Derailed by the Blackout Express?
Sunday morning, and your mouth tastes like cotton dipped in garbage and coated in tar. You immediately regret opening your eyes, because you’re not ready for sunlight just yet. As you slowly regain consciousness, your first thought is, what happened last night?
By Kathryn S
You check your phone, and see that you dialed your ex at 1:34, your best friend at 1:52 (which is weird, because you went to the bar together), an unknown number at 2:04, and someone called “Tattoo Joe,” a name that wasn’t in your directory yesterday afternoon, at 4:23. You immediately call your BFF, and ask the question aloud: “What happened last night?”
Blacking out probably dates back to the birth of alcohol, but it has long baffled doctors, psychologists, and college students. Why does that one last drink put you over the edge, and erase hours worth of memories? Why is it pretty much impossible to tell when you’re having a conversation with someone who is currently experiencing a blackout? Britain’s Telegraph recently reported that the reason why people forget the embarrassing things they do when they are drunk has been discovered.

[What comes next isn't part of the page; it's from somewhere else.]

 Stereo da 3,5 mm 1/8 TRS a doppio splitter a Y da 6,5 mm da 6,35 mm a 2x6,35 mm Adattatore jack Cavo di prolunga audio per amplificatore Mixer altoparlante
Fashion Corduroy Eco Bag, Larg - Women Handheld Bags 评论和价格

The article’s opening statement reads, “Research at the University of Sussex has found that alcohol influences the brain’s ability to form memories, making memories before a drink stronger and memories of things that happen while under the influence weaker.” Um… it took them until 2008 to figure this out?
While I found that statement quite obvious, I kept reading, hoping that they might have also discovered a cure for blacking out. Besides sobriety, that is. Apparently, these Sussex researchers hypothesize that “while a drinker may remember the happy events such as socialising with friends at the start of a drinking session, they are less able to recall the negative effects that happen later in the night.”

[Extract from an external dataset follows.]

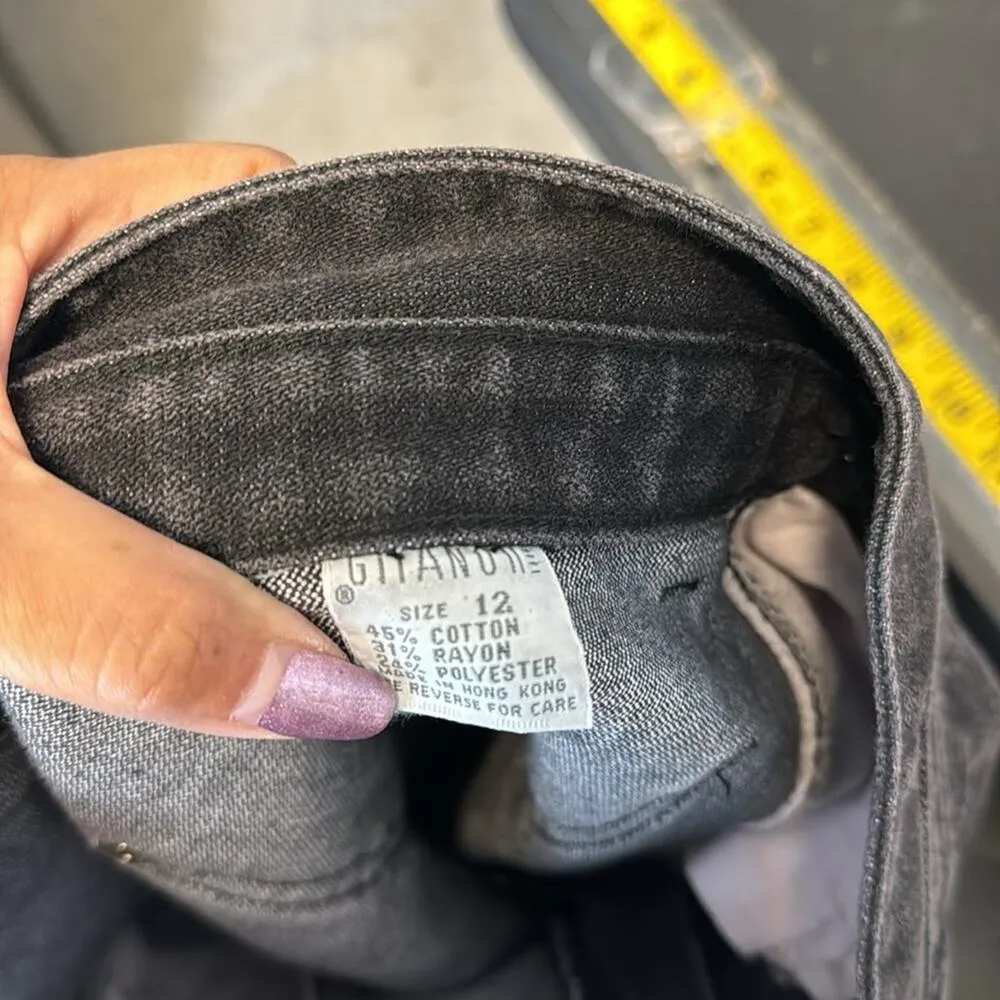 Vintage Gitano high waisted balloon tapered black gray jean 80s size 12 - Image 8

I have several problems with the above statement. First of all, if memories before a drink are stronger anyway, it seems that it’s a given that the start of the boozefest, happy or not, will be more memorable than the end, happy or not. Second of all, there are plenty of happy things that personally I don’t remember, and tons of negative memories that I wish I could suppress.
Case in point: I cannot, for the life of me, remember a serious conversation I had with this guy two weeks ago. All I know is that I must have said the right things, because I spent the night. On the other hand, I most certainly remember trying to hit on him again last weekend, and being completely rejected.
Case in point number 2: Everyone insists I had a great time at my end-of-the-summer keg party. Apparently I was laughing, dancing, and being a fairly-well-behaved social butterfly. Instead of my brain holding onto these happy memories, I only remember the part of the night where I was dry-heaving behind my house after a 20-second kegstand.
I think this study is full of holes. The researchers also claim that “people are more likely to drink heavily the next time they go out because they only remember the good memories about the last time.” I beg to differ. I hate not remembering. Even if I had a great time early in the night, not remembering how the night ended usually makes me simmer down for a little while (sometimes a very little while, but hey, I’m trying).
After a night of heavy drinking, even the memories before the sh*tshow can feel skewed and foggy. Did we have that conversation before or after the shots of Cabo Wabo? Wasn’t I a dancing machine even before I played my first game of beer pong? Even after a night of “light” drinking, certain details can easily slip one’s mind.
While I certainly agree that alcohol impairs the brain, and thus the brain’s ability to form new memories, I don’t think there are underlying psychological reasons (embarrassment, heartache, anger) that add to the likelihood of experiencing a blackout.
Of course, I’m no scientist. But I could be a guinea pig.